La musica cambia per le piccole e medie imprese, per cui «è ancora molto forte la percezione che sia una normativa che non si può applicare alla loro realtà», conclude Crespi. 
Ed è un peccato. Come spiega il rapporto pubblicato a luglio dello scorso anno da Eurofound, agenzia europea per il miglioramento delle condizioni di vita e di lavoro, trovare nuove forme di work-life balance è anche una strategia per combattere il gender gap nell’occupazione e aiutare i care giver, cioè «coloro che si prendono cura», dei figli o dei parenti più anziani e in difficoltà. Con il telelavoro vincono tutti. Non ci sono costi da sostenere per il pubblico, i privati possono tagliare diverse spese fisse e aumenta pure la produttività. 

Gli ultimi in Europa
 
Tutto il contrario di quel che accade a chi è obbligato a timbrare il cartellino. Secondo la ricerca pubblicata dall’European Labour Force, la differenza delle ore lavorate ogni settimana tra uomo e donna aumenta quando c’è un bimbo con meno di dodici anni. Per lei scende da 35 a 30, per lui invece aumenta anche se di poco: da 39 a più di 40. Attenzione però. Il maggior scarto tra quanto si vorrebbe lavorare e quanto si lavora è per gli uomini proprio in questa fase. Il telelavoro, il lavoro agile o in mobilità, nelle sue diverse forme può essere una buona soluzione per le esigenze di cura di tutti. Mamme, e anche papà. Secondo i ricercatori in Europa il 60% dei lavoratori deve rispettare orari rigidi, il 30% può contare su «una discreta flessibilità in alcuni momenti della giornata». 

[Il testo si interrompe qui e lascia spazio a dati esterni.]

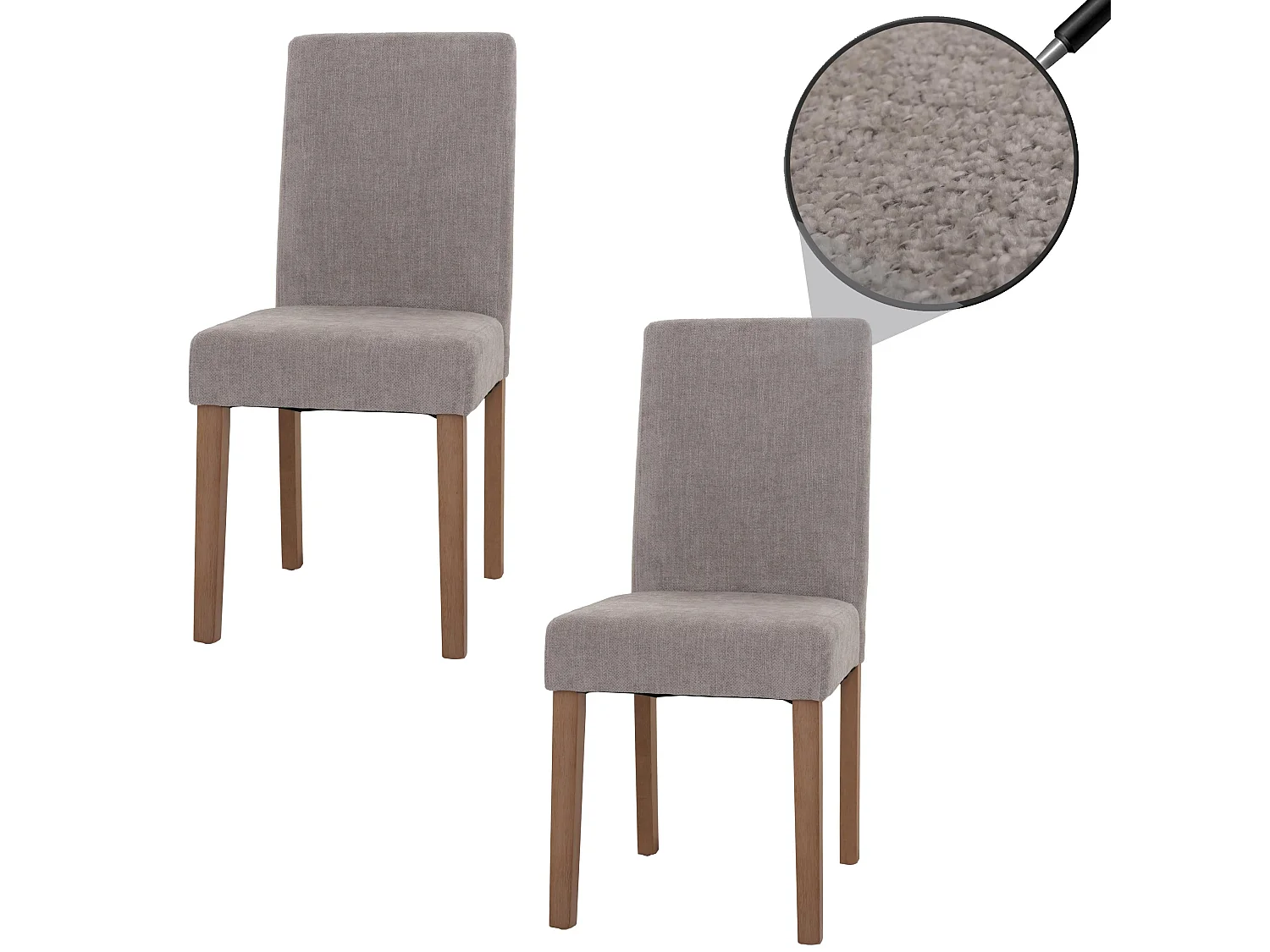 Lot de 2 chaises de salle à manger dossier haut en tissu chenille gris clair pieds en bois clairs 04_0007322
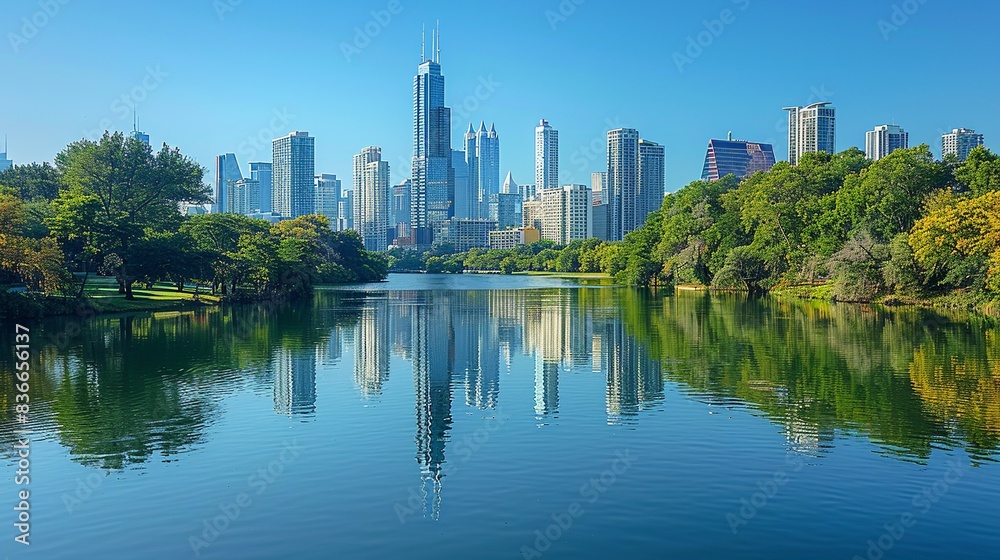 A panoramic view of a city skyline reflected in a calm river or lake, creating a mirror image of the urban landscape. Minimal and Simple, A panoramic view of a city skyline reflected in a calm river or lake, creating a mirror image of the urban landscape. Minimal and Simple,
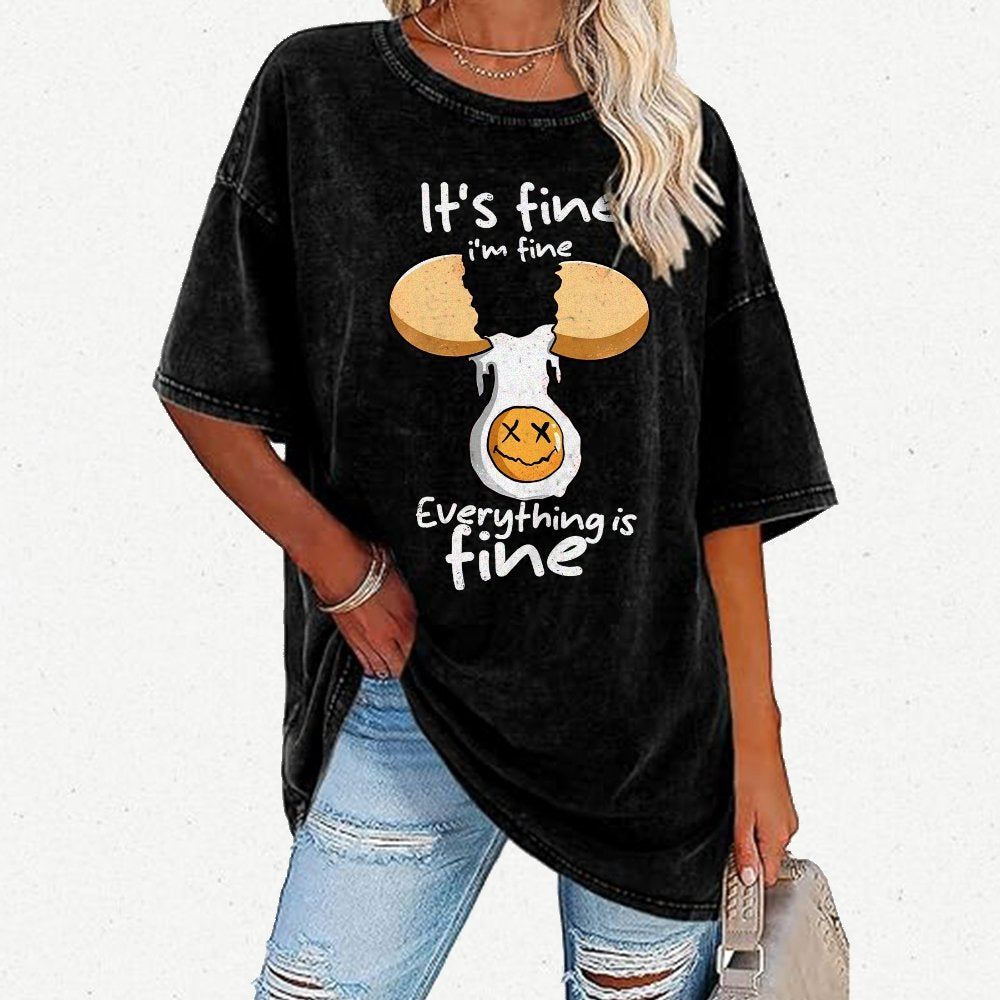 Everything is fine Vintage Distressed T-shirt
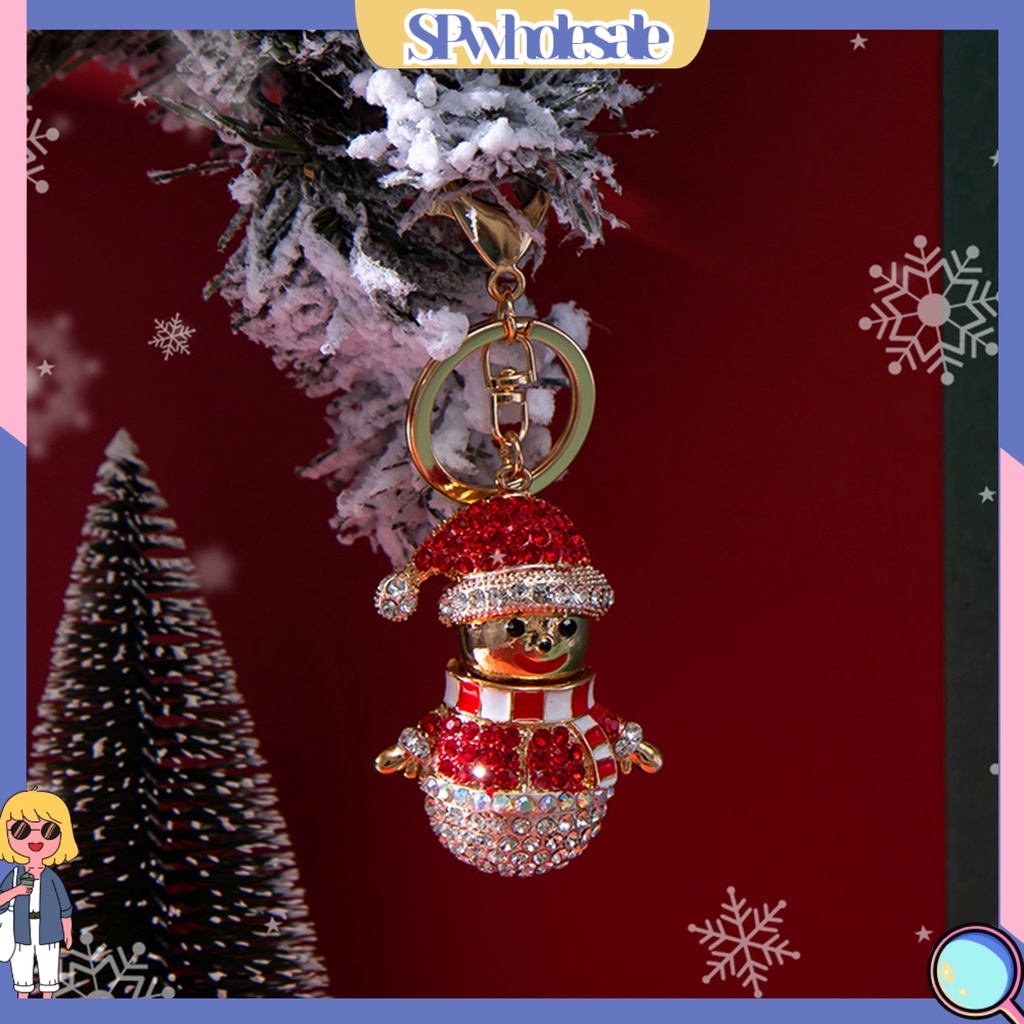 <SPwholesale> Móc Khóa Hình Người Tuyết Hoạt Hình Đính Đá Phối Dây Tua Rua Dễ Thương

La media europea di chi - in diverse forme - non è obbligato a lavorare da casa è del 17 %. Ai primi posti - con percentuali che superano il 30% - ci sono Danimarca, Svezia e Regno Unito. Ultimi in classifica con meno del 10%, preceduti da Grecia, Repubblica Ceca e Polonia, ci siamo noi. 

Il ritardo della Pa 
 
Il telelavoro è ancora poco - anzi molto poco - diffuso nella pubblica amministrazione. Secondo la legge Madia del 2015, l’obiettivo da raggiungere nei primi sei mesi del 2018 era del 10% dei dipendenti pubblici - circa 300mila persone - ma siamo poco sopra lo 0,3 per cento, il che significa 3mila lavoratori nelle amministrazioni tra il Nord e la Capitale. 

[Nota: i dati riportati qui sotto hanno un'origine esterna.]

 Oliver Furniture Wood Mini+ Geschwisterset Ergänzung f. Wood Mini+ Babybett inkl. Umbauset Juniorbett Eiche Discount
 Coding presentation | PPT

Secondo il rapporto realizzato da Marina Penna, ricercatrice dell’agenzia Enea, l’inizio del cronico ritardo sta nella violazione di un obbligo introdotto nel 2012 dal Decreto Crescita del governo Monti. Per pianificare il ricorso al telelavoro, bisognava prima di tutto individuare le attività non telelavorabili. Anche se erano previste delle sanzioni per chi non avesse provveduto, non se n’è mai fatto nulla.

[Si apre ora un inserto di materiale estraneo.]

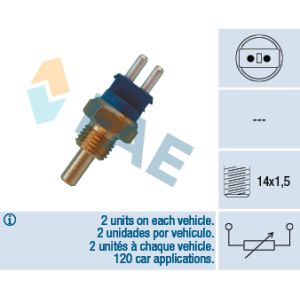 Sensor, temperatura do líquido de refrigeração FAE 32580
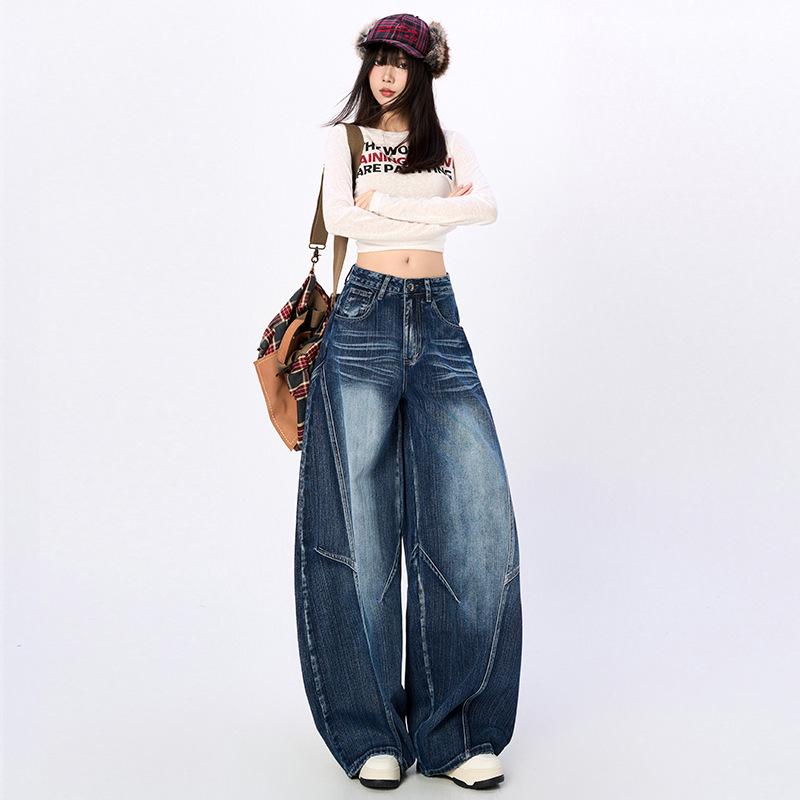 2025 Nieuwe Retro Blauwe Hoge Taille Afslankende Wijde Pijp Jeans voor Dames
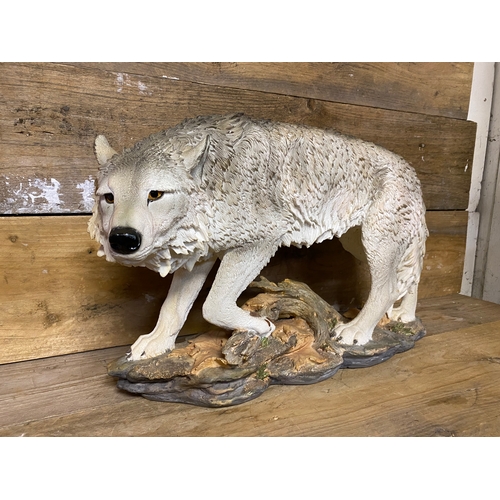 127 - Large Resin Wolf Figure, 36cm x 60cm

C’è da aggiungere che regole e prassi escludono i dirigenti e chi ha contratti diversi da quello a tempo pieno e indeterminato e che l’età media dei dipendenti pubblici è alta. L’Italia infatti ha il più basso tasso percentuale di dipendenti sotto i 35 anni - il 2% contro il 18% dei paesi Ocse - e la più alta sopra i 54 anni, 45% contro il 22%. 
 
Si aggiungono la scarsità di risorse per il necessario rinnovamento dei mezzi tecnologici e la complicata disciplina sugli infortuni. Le iniziative, pure virtuose, ci sono. Apripista le province di Trento e Bolzano, Lombardia, Piemonte ed Emilia Romagna. Per queste amministrazioni, l’obiettivo del 10 % non è poi così remoto. Tra gli enti di ricerca, spicca l’Istat, poi ci sono il Ministro dello Sviluppo Economico e della Salute. Ma a Sud di Roma di telelavoro non c’è ancora traccia.